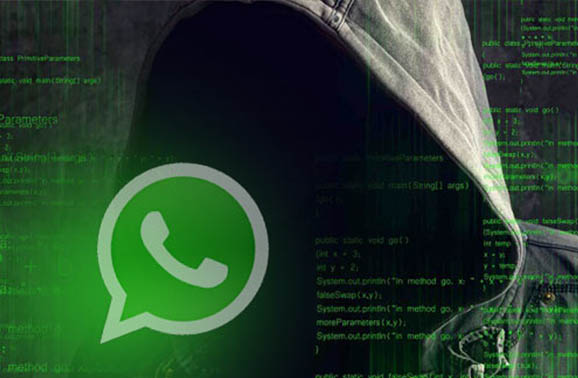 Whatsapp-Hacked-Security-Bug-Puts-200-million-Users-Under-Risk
-------------------------
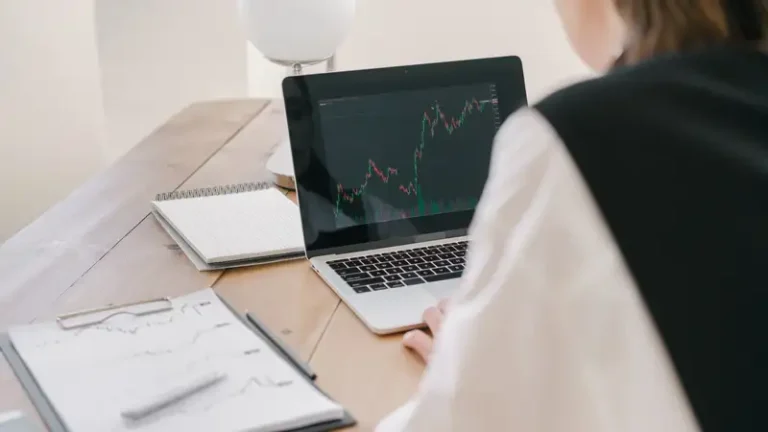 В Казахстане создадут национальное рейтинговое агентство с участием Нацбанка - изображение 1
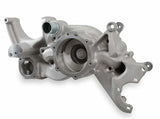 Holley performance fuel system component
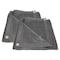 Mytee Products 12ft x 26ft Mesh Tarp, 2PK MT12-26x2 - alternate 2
-------------------------
# WORK TO COMPLETE:
Those lines of the records above that run from the one containing "В Казахстане создадут" through the one containing "Mytee Products 12ft" should be returned exactly, with no pictures among them.

# EXERCISE OUTPUT:
 В Казахстане создадут национальное рейтинговое агентство с участием Нацбанка - изображение 1
 Holley performance fuel system component
 Mytee Products 12ft x 26ft Mesh Tarp, 2PK MT12-26x2 - alternate 2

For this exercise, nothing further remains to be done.